▶ **Goal of the exercise**: Note how many lines in the entries below contain the string "Case", and answer with that number and no other text.

----------

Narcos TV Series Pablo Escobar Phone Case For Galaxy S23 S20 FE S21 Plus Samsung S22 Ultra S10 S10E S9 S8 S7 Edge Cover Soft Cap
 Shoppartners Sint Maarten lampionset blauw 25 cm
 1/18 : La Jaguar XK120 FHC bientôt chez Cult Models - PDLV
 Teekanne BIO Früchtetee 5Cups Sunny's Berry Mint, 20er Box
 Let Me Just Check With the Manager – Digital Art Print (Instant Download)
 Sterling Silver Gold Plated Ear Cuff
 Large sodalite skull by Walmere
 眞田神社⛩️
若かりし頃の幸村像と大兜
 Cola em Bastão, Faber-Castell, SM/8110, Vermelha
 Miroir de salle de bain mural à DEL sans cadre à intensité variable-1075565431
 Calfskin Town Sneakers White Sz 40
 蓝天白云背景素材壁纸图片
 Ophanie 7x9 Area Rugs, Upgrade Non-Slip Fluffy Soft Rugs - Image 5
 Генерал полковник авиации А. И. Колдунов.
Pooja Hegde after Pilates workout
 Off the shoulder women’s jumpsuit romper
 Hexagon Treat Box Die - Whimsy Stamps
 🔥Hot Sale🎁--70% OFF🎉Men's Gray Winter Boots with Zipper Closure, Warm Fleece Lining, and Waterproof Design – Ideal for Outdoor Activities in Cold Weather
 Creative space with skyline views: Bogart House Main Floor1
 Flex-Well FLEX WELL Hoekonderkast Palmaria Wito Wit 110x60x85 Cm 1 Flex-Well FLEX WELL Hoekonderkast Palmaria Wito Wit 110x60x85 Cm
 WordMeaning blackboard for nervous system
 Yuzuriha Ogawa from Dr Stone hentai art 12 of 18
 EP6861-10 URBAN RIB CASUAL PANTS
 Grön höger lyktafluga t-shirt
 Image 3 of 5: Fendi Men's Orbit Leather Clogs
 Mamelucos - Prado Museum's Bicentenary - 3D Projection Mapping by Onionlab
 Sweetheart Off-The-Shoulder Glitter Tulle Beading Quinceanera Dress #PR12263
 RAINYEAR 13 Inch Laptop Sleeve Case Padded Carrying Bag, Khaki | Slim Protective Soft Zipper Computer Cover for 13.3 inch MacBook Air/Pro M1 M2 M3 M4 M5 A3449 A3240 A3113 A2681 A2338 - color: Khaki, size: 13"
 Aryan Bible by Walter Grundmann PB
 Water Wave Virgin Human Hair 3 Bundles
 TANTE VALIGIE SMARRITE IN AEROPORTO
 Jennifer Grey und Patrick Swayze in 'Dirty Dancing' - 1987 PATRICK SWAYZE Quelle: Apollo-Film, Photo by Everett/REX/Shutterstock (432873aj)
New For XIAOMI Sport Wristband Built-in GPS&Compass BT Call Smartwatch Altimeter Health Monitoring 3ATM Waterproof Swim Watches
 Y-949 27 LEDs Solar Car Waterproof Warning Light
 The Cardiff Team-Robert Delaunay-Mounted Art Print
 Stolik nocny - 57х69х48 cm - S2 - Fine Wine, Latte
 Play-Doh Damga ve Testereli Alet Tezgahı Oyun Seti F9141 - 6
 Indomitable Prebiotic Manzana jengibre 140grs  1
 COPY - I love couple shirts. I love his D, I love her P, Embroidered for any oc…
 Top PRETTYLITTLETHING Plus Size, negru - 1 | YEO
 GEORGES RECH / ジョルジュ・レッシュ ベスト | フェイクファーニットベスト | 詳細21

----------

▶ **Expected output**: 2